Topic 6.9: Structural Mutations

➕ Adding Calculated Columns

▼

Most datasets arrive incomplete. You have raw measurements but need derived metrics. Sales data contains Price and Units_Sold but lacks Revenue. Inventory records show Stock and Threshold but don't indicate status. Analysis requires computing these missing fields.

Pandas treats DataFrames as mutable structures. You can add new columns through direct assignment. Write the new column name in square brackets on the left side of the equals sign, then specify the calculation on the right side. The operation creates the column and computes the value for every row simultaneously.

Python

import pandas as pd
import numpy as np

# Load inventory data
inventory = pd.read_csv('6_5_inventory.csv')
print("Original inventory data:")
print(inventory.head())
print(f"Columns: {inventory.columns.tolist()}")

▶ Output

Original inventory data: Product Category Supplier Price Stock Units_Sold 0 Pen Stationery Alpha Supply 5.50 450 320 1 Notebook Stationery Beta Goods 15.00 600 275 2 Marker Stationery Gamma Corp. 8.00 520 310 3 Ruler Stationery Alpha Supply 3.50 780 180 4 Eraser Stationery Beta Goods 2.00 890 420 Columns: ['Product', 'Category', 'Supplier', 'Price', 'Stock', 'Units_Sold']

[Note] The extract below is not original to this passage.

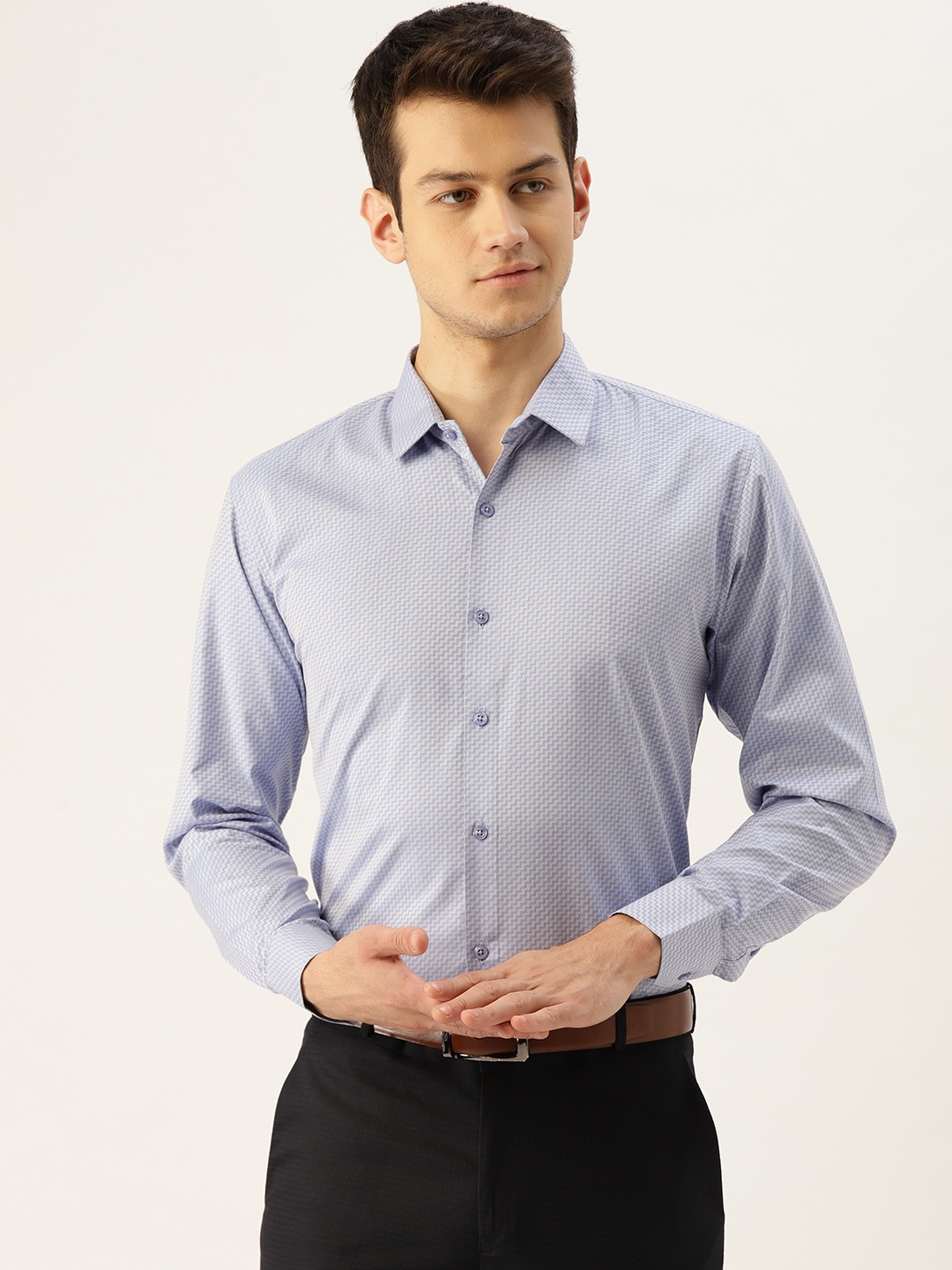 

SOJANYA Men Blue Classic Fit Chevron Pattern Formal Shirt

The inventory DataFrame contains six columns. To calculate revenue for each product, multiply Price by Units_Sold. This arithmetic operation needs to happen across all rows — a task that would require loops in traditional programming.

Python

# Add calculated column for revenue
inventory['Revenue'] = inventory['Price'] * inventory['Units_Sold']
print("After adding Revenue column:")
print(inventory[['Product', 'Price', 'Units_Sold', 'Revenue']].head())

▶ Output

After adding Revenue column: Product Price Units_Sold Revenue 0 Pen 5.50 320 1760.0 1 Notebook 15.00 275 4125.0 2 Marker 8.00 310 2480.0 3 Ruler 3.50 180 630.0 4 Eraser 2.00 420 840.0

A single assignment statement adds the Revenue column. Pandas performs vectorized multiplication — the operation processes the entire column in one pass without explicit iteration. The engine broadcasts the calculation across all rows simultaneously, delivering performance that scales to millions of records.

ℹ️

Vectorization Performance

Vectorized operations execute at compiled C speed, not interpreted Python speed. When you write df['A'] * df['B'], Pandas delegates the multiplication to NumPy, which uses optimized CPU instructions. This is 50–100 times faster than Python loops that process one row at a time.

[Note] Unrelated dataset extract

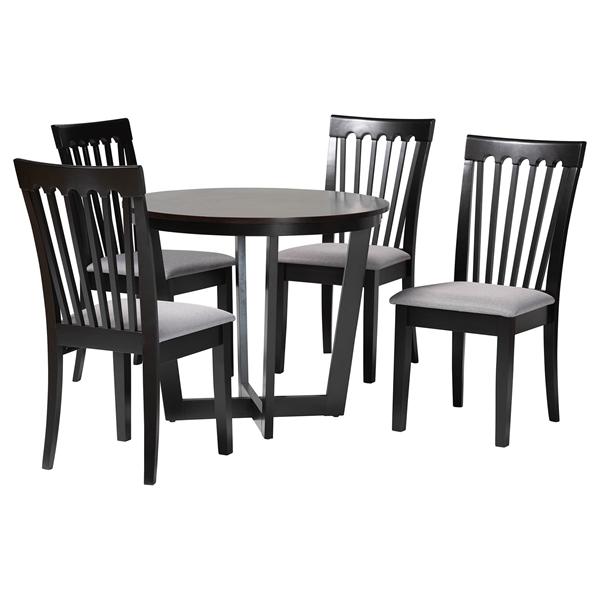 baxton studio Baxton Studio Nellie Modern Grey Fabric and Dark Brown Wood 5-Piece Dining Set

You can use any arithmetic operation when creating calculated columns: addition, subtraction, multiplication, division, exponents, or combinations. The result is always a new column added to the DataFrame without modifying existing data.

🎯 Adding Conditional Columns

▼

Calculations produce numerical results. Classification produces categorical labels based on conditional logic. You need a column that marks products as In_Stock or Low_Stock depending on whether inventory exceeds a threshold. Simple arithmetic cannot express this branching logic.

NumPy provides the where() function for vectorized conditionals. This function accepts three arguments: a boolean condition to test, the value when True, and the value when False. It evaluates the condition for each element and selects the appropriate result.

Python

# Add conditional column for stock status
inventory['Stock_Status'] = np.where(
    inventory['Stock'] > 500,
    'In_Stock',
    'Low_Stock'
)
print("After adding Stock_Status column:")
print(inventory[['Product', 'Stock', 'Stock_Status']].head())

▶ Output

After adding Stock_Status column: Product Stock Stock_Status 0 Pen 450 Low_Stock 1 Notebook 600 In_Stock 2 Marker 520 In_Stock 3 Ruler 780 In_Stock 4 Eraser 890 In_Stock

The condition inventory['Stock'] > 500 generates a boolean mask. NumPy examines each value: if True, it assigns 'In_Stock'; if False, it assigns 'Low_Stock'. The result is an array containing the classification for each row, which is then stored as a new column in the DataFrame.

ℹ️

np.where() Syntax

np.where(condition, value_if_true, value_if_false) operates on the entire column at once without any loops. The condition tests each element, and the appropriate value is selected for each row automatically. This pattern handles binary classification tasks cleanly and efficiently.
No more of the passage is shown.